What you are asked to do:
From the listing below, please restate exactly the lines beginning at the one with "May include: A" and ending at the one with "t-shirt-mockup-of-a-woman-holding-a-tote-bag-at-an-office-29413", both included, and skip the pictures.

Supplied data:
-------------------------

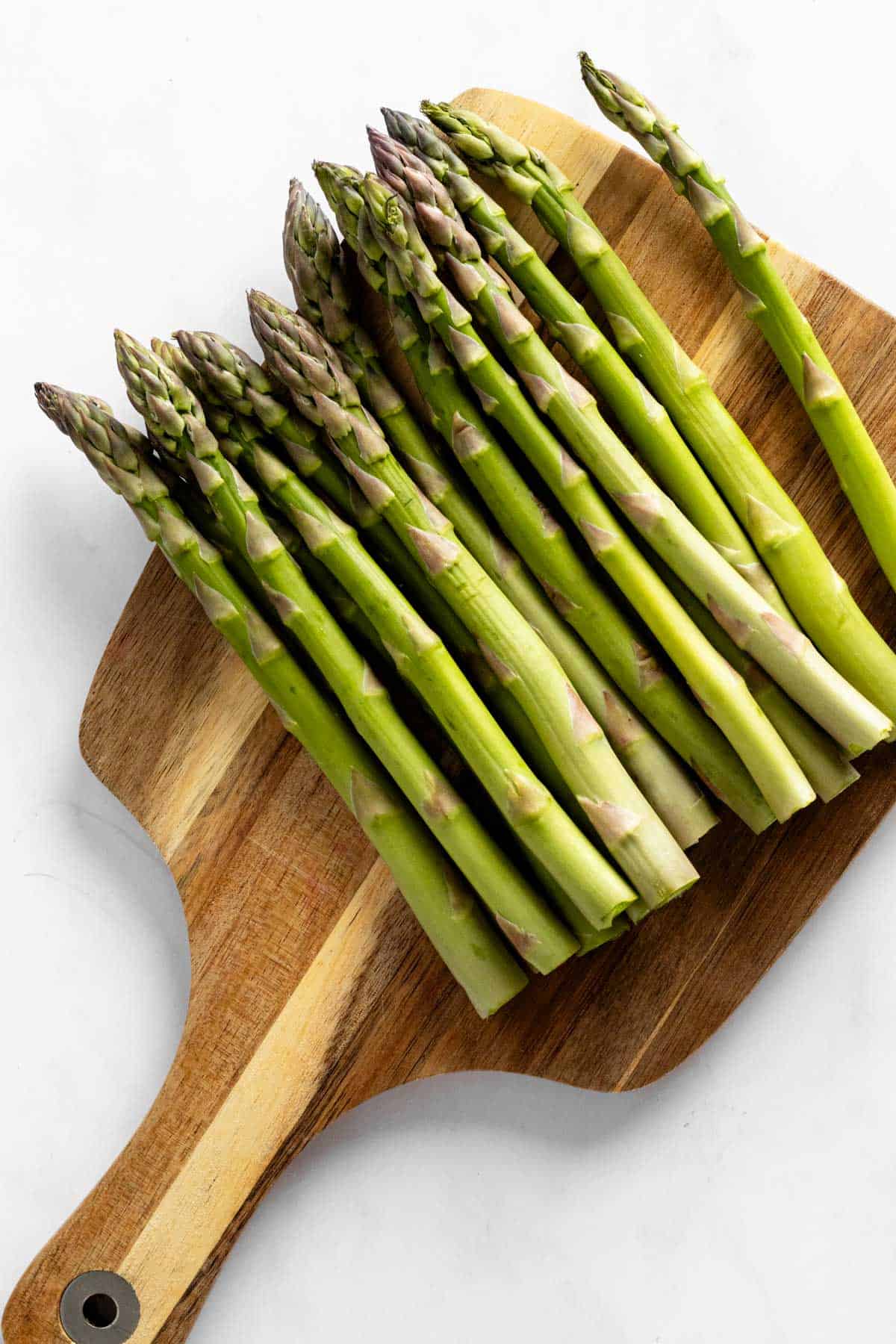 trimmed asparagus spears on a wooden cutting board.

-------------------------

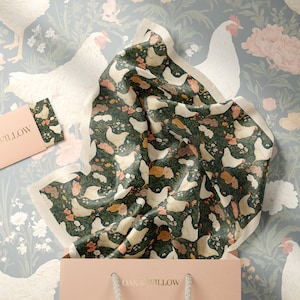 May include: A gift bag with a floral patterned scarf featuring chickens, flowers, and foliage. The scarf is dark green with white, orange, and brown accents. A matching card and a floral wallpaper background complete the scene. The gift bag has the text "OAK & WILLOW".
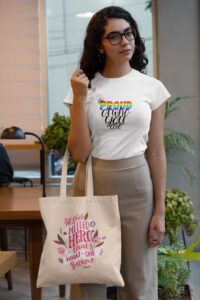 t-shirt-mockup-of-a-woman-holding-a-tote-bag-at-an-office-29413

-------------------------

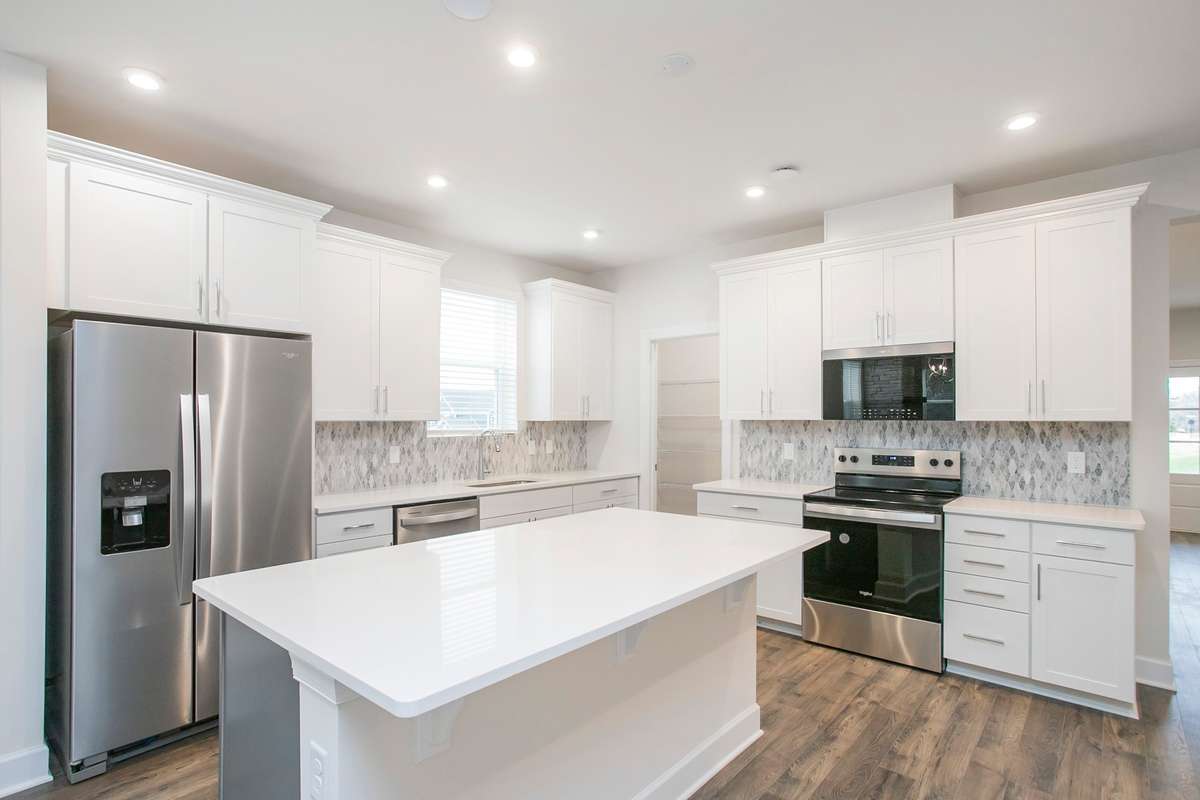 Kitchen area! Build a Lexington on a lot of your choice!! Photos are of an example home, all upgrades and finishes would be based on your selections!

-------------------------

Response for this exercise:
 May include: A gift bag with a floral patterned scarf featuring chickens, flowers, and foliage. The scarf is dark green with white, orange, and brown accents. A matching card and a floral wallpaper background complete the scene. The gift bag has the text "OAK & WILLOW".
 t-shirt-mockup-of-a-woman-holding-a-tote-bag-at-an-office-29413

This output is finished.